はい、最近も色々読んでいますけど書評を書いていません! サボってます! 私です!(・◇・)ゞ
 
 今回は、デビュー作の当時読んだっきり、いまやっと今回の書評「陽気なギャングが地球を回す」を読みました、伊坂幸太郎先生について書こうと思います!

 あれだね、最初読んだのはデビュー作「オーデュポンの祈り」。で、次が「アヒルと鴨のコインロッカー」かな。

オーデュボンの祈り (新潮文庫)
伊坂 幸太郎
新潮社
2003-11-28



 どっかに収録されてる短編も読んだけど、それから読まなくなって、今回のやつを久々に読みました。理由は、キンドルアンリミテッドにあったから! 読んでみよっかなーって感じで。(☆゚∀゚)

 まあ、先に何で一旦追いかけるのを辞めたかって言うと、テイストが合わないなーと思ったから。私と。これはもう東野圭吾先生と同じ、ちゃんとした作家だなーとは思いましたけど、でもテイストが! お洒落じゃないですか!

 うーんとね、ここでは「おセンス」とはいいません。だっておセンスってのは、偽物だからおセンスなわけです。失敗してるからおセンスなわけです。センスがわりーからおセンスなわけです。でも、伊坂幸太郎先生はそこら辺、バランスがいい。おセンスにならないセンスを持っている。なので、敬意を持って読んでおります。

 たださ、お洒落でしょ? JAZZYでしょ? もうバックミュージックにひげもじゃグラサンのサックス吹きが見えますからね。それも、もうギリ会話の邪魔にならない、ちょうどいい音量で流してくれるじゃない。一体どこのお洒落なBarなの?! ここで軽妙な掛け合いの一つや二つ用意しとかないと、マスターに殺られちゃうんじゃないの?! って感じじゃない。

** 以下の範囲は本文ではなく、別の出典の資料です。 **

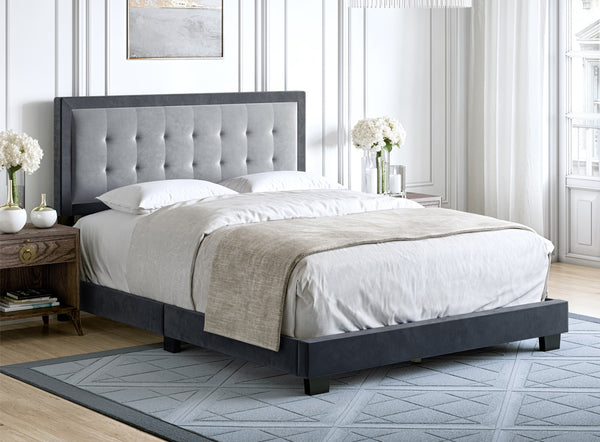 Pisa Velour Upholstered Platform Bed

 なのでね、別にそういうのは求めてないし、好きとも言えないので読まなかった。それでね、久しぶりに読んだ感想を言いますよ。昨今のきったねえ小説の海に溺れた後で言いますとね、もうこれは「面白い」と言わざるを得ない。

 ええ、まじで。他のクソに比べたら、面白さを実感せずにはいられない。マスターに嫌な顔されても貪り読むしかない。そんな感じですよ、まったく。


 あのね、はっきりいって話自体はどうでもいいお話なんですよ。一本道だしね、伏線もわっかりやすい感じでね、とにかく小粋でJAZZYな伊坂幸太郎ワールド全開なわけですよ。

 でも、面白い。何がって、もう言葉自体が面白い。読ませる力がある。もし、この物語に何のオチがなかったとしても、「文章が面白かったからいいか!」って思える力がある。

 ちなみに、文章の面白さってのは、合間合間に出てくるトリビア(古)とか豆知識を散りばめた部分のことじゃないですよ。そうじゃない、単なる地の部分です。それが面白い。これはプロの文章だなあと思える。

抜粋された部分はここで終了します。